# Merkwürdigkeit bei speedfreqd

## Pegasus87

Hallo,

habe gerade dieses HowTo durchgearbeitet:

http://www.gentoo.org/doc/en/power-management-guide.xml

Bin auch soweit ganz zufrieden, allerdings funktioniert mein speedfreqd nich so richtig.

Das kleine Script schaltet richtigerweise in den neu angelegten battery runlevel.

Wenn ich die CPU Geschwindigkeit nun mit 

```
watch -n 1 x86info -mhz
```

beobachte, fällt auf, dass die Frequenz ständig schwankt, wenn man gar nix macht, geht die runter bis auf 180Mhz (ein 1,5Ghz Centrino hab ich).

Das Runtertakten is ja auch im Sinne des Erfinders, nur leider passiert dies auch beim default runlevel, obwohl speedfreq nur im battery runlevel gestartet wird, das hab ich nachgeprüft.

Noch ein Problem ist: Auch wenn ich den Stecker abziehe und der automatisch in den battery runlevel schaltet, wird (z.B. bei mStarten von OOo) die Taktrate auch mal auf die vollen 1,5Ghz hochgejubelt. Das is ja falsch, im battery runlevel sollen ja maximal 600Mhz benutzt werden.

Hat jemand ne Idee, wie ich das einstellen kann?

Zusatz:Der acpid läuft sowohl in default als auch in battery.

Wenn ihr noch mehr Infos braucht, fragt einfach nach

----------

## Massimo B.

Hallo.

ich nutze mal deine Überschrift, da das Thema ähnlich ist.

Ob die Bearbeitung der Stromzustände über Runlevel gut ist, weil ich nicht.

Bei meinem iBook 600Mhz läuft speedfreq ständig, und bekommt vom pbbuttonsd und pmcs-pbbuttonsd die policy mitgeteilt.

Und nun zu meinem Problem:

Die Original /etc/power/scripts.d/cpufreq hat nicht funkioniert und bietet auch keine dynamische Taktung.

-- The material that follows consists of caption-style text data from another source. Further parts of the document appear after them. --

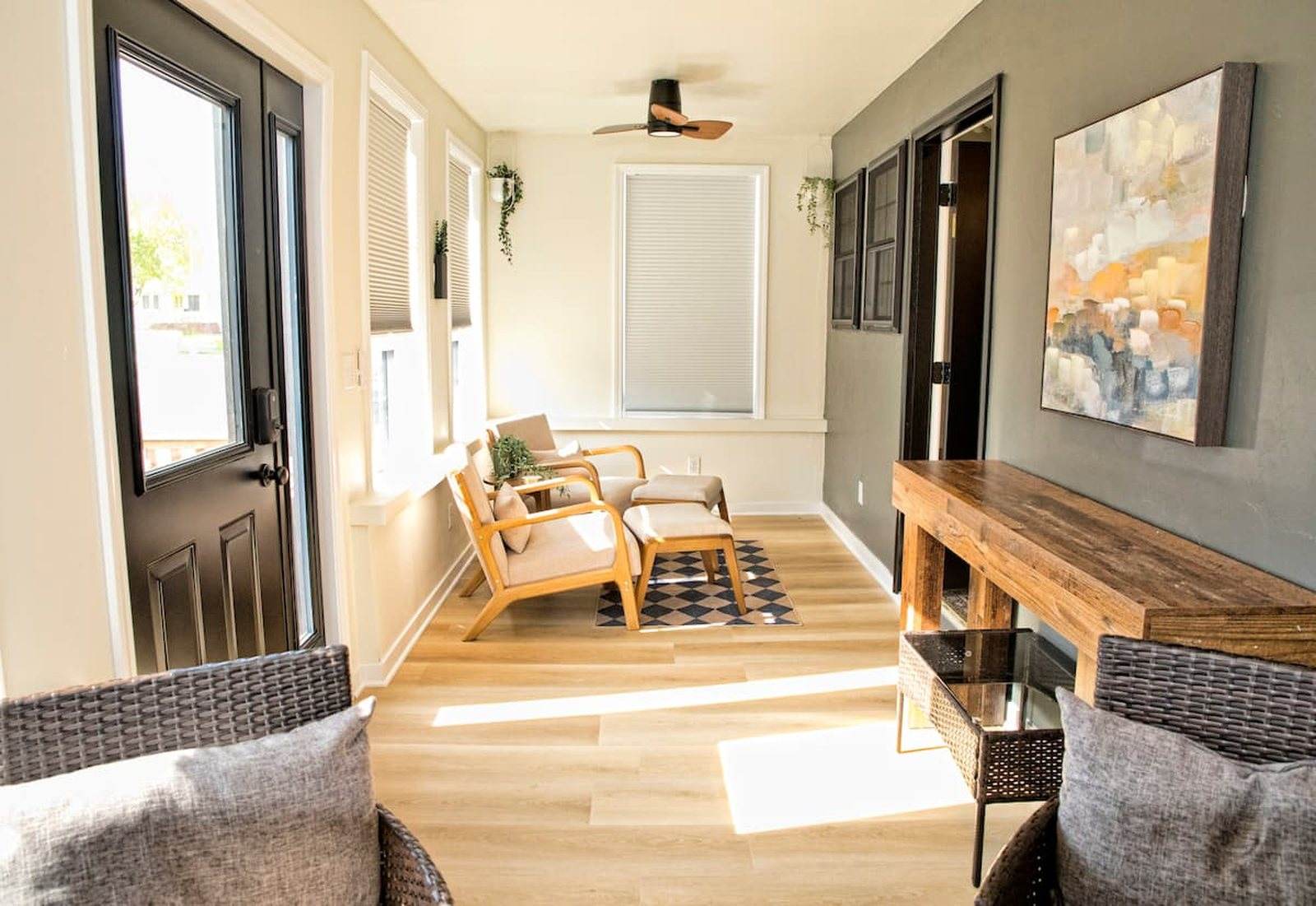 Completed sunroom seen from the opposite end, with woven seating, a sofa and a timber console beneath the windows.
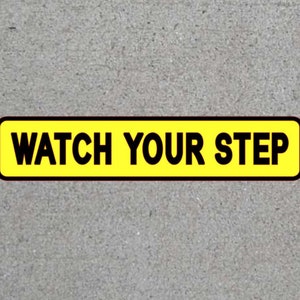May include: A rectangular yellow sign with black text that reads "WATCH YOUR STEP." The sign has a black border and is set against a gray concrete background. The sign is designed to alert people to be cautious.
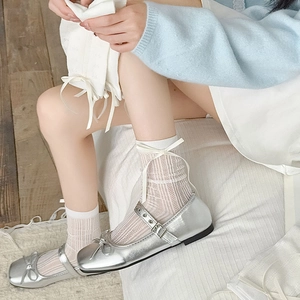 Gros plan de chaussures Mary Jane argentées à nœuds et chaussettes en résille blanche
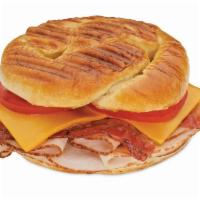 Turkey, Bacon and Cheddar Panini Sub · Oven-roasted turkey, crisp bacon, smoked cheddar and tomatoes with spicy mustard.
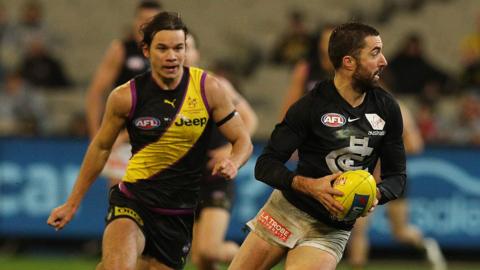 Kade Simpson of Carlton Blues carries the ball during an AFL match against Richmond Tigers at the MCG in August 2019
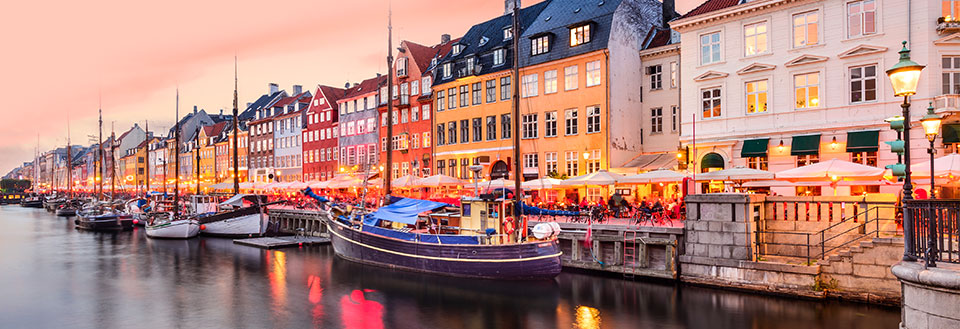 Bild av Nyhavn i Köpenhamn vid skymning med färgglada byggnader och båtar längs kanalen.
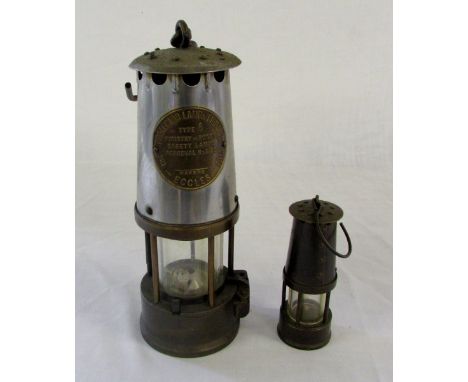 The Protector lamp & lighting co ltd Eccles miners lamp type 6 and a miniature lamp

Also hab ich das Skript so umgeschrieben:

```

PATH=/bin:/sbin:/usr/bin:/usr/sbin

case "$1" in

        powersave|custom)

        speedfreq -p powersave

        ;;

        performance)

        speedfreq -p dynamic

        ;;

        resume)

        case "$2" in

                battery)

                speedfreq -p powersave

                ;;

                ac)

                speedfreq -p dynamic

                ;;

        esac

        ;;

esac

```

Auf resume und Netzteilwechsel reagiert das Skript richtig.

Leider ist oft nach einem Resume der speedfreqd Daemon verschwunden.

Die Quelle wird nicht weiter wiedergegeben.